I just came across this thread, and luckily I had this issue only once (per my logs). Let summarize some information because it’s scattered in the thread, and add some more hints:

People seem to experience this mostly when the GNOME settings app is running.

What helped is uninstalling the Xorg Intel driver (xorg-x11-drv-intel on Fedora, xf86-video-intel on Arch.

This is consistent with the observation that issues happen when XWayland applications are running.

Removing the Xorg Intel driver should not affect XWayland because it’s not used there, and anyway most sources seem to recommend removing it for newer generations of Intel graphics.

4 Likes

I’m not convinced that this is a solution, because I never had this driver installed and I’m still experiencing the issue. I’ve just avoided using the settings app because that’s where the crash seems to be happening

So far uninstalling xorg-x11-drv-intel has fixed my issue and I can still run everything just fine

I see, sad. Maybe uninstalling this just makes much more unlikely to hit a problem deeper in the driver stack…

edit: Actually I can confirm, I uninstalled xf86-video-intel after I read the thread here, and now saw the issue within hours (and just once in a few weeks with the package installed).

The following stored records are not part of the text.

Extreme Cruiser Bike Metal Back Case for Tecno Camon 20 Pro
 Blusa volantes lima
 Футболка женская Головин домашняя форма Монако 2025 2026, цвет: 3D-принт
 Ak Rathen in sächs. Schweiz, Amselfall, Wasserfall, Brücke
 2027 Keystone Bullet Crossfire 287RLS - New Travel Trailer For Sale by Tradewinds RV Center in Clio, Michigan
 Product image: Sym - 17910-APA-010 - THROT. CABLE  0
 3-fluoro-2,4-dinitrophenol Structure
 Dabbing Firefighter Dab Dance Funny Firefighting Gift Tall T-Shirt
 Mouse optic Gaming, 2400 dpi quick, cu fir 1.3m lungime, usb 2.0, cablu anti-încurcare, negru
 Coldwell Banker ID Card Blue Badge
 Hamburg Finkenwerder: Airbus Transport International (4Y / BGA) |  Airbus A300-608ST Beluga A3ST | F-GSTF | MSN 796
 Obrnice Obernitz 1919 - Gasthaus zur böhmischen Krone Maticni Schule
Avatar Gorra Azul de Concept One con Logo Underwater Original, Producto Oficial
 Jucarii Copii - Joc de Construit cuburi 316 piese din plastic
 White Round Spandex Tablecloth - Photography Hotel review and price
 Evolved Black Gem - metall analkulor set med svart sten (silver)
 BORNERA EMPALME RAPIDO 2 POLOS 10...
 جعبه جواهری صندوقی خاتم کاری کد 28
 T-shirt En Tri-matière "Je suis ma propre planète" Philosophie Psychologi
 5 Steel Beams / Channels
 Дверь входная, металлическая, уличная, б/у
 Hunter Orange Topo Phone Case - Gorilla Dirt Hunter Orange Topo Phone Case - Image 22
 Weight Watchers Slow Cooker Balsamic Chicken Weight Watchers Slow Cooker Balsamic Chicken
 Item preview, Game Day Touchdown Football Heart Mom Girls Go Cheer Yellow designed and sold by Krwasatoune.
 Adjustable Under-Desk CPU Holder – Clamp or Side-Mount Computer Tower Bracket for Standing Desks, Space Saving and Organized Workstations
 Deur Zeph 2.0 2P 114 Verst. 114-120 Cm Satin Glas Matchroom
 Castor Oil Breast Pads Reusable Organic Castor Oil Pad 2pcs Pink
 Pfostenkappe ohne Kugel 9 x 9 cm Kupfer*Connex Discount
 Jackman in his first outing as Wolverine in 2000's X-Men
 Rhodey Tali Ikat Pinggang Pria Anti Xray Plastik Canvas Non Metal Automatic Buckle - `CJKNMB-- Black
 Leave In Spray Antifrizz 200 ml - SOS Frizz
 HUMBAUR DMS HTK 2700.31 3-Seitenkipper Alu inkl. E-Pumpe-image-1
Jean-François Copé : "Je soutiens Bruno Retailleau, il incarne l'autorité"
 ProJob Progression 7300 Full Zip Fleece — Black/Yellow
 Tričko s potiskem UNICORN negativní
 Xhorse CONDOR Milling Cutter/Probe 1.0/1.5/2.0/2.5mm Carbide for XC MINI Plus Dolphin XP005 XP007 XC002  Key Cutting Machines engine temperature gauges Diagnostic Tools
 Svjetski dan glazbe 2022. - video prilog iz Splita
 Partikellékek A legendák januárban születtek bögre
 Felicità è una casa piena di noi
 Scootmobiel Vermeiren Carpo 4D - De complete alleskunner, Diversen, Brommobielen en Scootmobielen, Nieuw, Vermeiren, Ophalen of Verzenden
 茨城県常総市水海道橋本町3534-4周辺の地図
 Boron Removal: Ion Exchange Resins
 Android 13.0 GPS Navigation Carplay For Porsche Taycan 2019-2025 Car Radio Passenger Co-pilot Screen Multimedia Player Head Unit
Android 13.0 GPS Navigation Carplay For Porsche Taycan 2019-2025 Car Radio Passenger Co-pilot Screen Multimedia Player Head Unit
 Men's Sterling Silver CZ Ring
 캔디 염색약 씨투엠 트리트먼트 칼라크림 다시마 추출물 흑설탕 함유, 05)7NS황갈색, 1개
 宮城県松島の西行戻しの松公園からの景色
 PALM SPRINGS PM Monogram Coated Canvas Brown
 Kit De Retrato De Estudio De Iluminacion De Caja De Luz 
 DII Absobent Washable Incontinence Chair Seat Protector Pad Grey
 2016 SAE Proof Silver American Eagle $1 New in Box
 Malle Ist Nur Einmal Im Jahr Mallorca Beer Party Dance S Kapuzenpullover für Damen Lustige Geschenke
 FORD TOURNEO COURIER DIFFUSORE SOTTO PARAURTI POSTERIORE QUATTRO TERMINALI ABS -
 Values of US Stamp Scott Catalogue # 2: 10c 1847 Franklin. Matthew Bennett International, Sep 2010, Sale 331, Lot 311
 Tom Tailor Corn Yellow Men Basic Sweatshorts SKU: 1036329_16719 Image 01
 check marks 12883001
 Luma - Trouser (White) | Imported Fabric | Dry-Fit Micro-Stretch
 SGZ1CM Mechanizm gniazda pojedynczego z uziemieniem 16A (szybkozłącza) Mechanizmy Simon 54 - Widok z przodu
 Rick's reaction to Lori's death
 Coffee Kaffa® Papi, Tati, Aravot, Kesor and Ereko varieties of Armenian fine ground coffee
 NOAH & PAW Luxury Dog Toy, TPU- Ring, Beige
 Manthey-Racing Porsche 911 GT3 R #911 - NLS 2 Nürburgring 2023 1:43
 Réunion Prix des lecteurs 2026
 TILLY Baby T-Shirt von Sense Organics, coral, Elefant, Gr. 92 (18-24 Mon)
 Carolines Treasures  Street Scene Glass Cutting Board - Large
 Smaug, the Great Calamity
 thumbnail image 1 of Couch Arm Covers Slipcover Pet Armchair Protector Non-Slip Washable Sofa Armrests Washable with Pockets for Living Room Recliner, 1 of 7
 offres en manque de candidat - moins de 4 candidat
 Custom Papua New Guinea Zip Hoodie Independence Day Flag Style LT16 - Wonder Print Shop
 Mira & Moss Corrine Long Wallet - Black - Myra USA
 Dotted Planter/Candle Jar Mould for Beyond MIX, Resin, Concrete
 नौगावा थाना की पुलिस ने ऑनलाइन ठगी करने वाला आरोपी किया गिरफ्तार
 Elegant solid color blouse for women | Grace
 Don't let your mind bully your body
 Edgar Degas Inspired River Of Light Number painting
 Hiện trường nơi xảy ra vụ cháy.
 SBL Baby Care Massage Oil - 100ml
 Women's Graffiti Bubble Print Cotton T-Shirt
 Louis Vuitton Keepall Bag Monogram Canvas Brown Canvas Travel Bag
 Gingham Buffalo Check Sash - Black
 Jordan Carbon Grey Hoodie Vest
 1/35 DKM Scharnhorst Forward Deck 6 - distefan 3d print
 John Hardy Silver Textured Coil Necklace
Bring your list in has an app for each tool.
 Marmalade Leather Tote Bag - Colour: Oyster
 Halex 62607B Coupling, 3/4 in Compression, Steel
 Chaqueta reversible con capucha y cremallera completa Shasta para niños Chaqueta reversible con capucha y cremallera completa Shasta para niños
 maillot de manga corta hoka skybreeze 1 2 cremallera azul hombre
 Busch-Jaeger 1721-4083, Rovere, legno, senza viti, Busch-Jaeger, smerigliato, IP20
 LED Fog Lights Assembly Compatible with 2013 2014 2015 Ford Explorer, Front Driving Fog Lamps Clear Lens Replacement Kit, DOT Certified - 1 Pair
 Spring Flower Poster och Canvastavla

I may try reinstalling it and see if this actually makes things better here.

1 Like

Since I haven’t had a crash yet since, I wanted to add something: I actually managed to unfreeze the system while doing the sysrq reisub sequence but I’m a bit confused as to what actually happened.
I first did the sequence without holding fn, because I have the function keys set to fx per default. When this didn’t do anything, I tried doing the sequence while holding fn, and after pressing prtscr+alt+fn+e (If I remember correctly), the laptop suddenly unfroze and loaded into the login screen. When I logged in, all applications were closed (as to be expected), but it also closed things like the wifi service which should normally be running on boot. Since I don’t know which processes needed to be launched and my applications were closed anyway, I rebooted my system.

I just noticed that on these crash logs, this line keeps showing up:
kernel: i915 0000:00:02.0: [drm] HuC firmware i915/tgl_huc_7.9.3.bin version 7.9
The name of the binary file tgl_huc_7.9.3.bin implies Tiger Lake, whereas the GuC line explicitly had “adlp” in the file name (adlp_guc_70.1.1.bin)… which makes me wonder if HuC is something that should actually be disabled for Alder Lake P.

The Arch wiki article for Intel graphics has this to say:


which makes me think it might be a potential suspect, or even the culprit in this case. I’m going to disable just HuC and see what happens.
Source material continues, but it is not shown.